Da mesma forma, a Renamo nunca atribuiu importância à dimensão local: Dhlakama tinha um programa de cunho nacional, que visava introduzir a democracia num país na altura monopartidário. Seu objectivo último era substituir o poder da Frelimo, muito mais do que idealizar um pacto constitucional diferente entre governados e governantes. A confirmação disso reside no facto de que a Constituição da viragem foi aprovada em 1990 por um parlamento ainda monopartidário, mas que a Renamo nunca a questionou, a partir da elevada centralização institucional, dos poderes do presidente da República, e da incerta separação dos poderes entre os vários órgãos do Estado.
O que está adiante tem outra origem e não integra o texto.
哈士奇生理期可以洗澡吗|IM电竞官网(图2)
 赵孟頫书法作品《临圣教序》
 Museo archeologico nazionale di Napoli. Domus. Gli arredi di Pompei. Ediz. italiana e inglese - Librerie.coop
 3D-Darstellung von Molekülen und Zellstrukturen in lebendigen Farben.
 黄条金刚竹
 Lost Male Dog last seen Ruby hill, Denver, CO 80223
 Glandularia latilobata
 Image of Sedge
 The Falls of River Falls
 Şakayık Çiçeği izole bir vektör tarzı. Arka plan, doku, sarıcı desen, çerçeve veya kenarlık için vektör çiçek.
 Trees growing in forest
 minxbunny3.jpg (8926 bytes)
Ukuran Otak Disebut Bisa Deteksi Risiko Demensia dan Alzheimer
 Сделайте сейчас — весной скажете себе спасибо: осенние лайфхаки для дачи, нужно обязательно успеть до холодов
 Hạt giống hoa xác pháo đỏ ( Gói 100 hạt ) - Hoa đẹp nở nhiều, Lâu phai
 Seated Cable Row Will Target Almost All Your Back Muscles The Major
Em 1998 a Renamo boicotou as primeiras eleições autárquicas, deixando a Frelimo o controlo de todos os municípios do país. A palavra “federalismo” era um tabu no debate político moçambicano, mesmo do lado da Renamo.

Diante dessas premissas, o sentimento de admiração com relação ao que está a acontecer depois do dia 11 de Outubro não pode ser evidente, e dificilmente explicável com a lógica política “tradicional”.

Não resta dúvida de que o elemento novo que emergiu foi a formação do Povo no Poder no cenário político de Moçambique, depois da morte do Azagaia, em março deste ano. Um elemento que colheu de surpresa não apenas o partido-Estado Frelimo, mas a própria Renamo, que na prática “delegou” a relação com esta hoje influente rede de jovens a figuras locais de destaque, tais como Venâncio Mondlane, Manuel de Araújo e outros. Entretanto, a cultura centralizadora e conservadora do grupo dirigente nacional da Renamo parece ter pouquíssimas relações e escassa compreensão dos elementos de inovação e radicalismo político trazidos pelo Povo no Poder.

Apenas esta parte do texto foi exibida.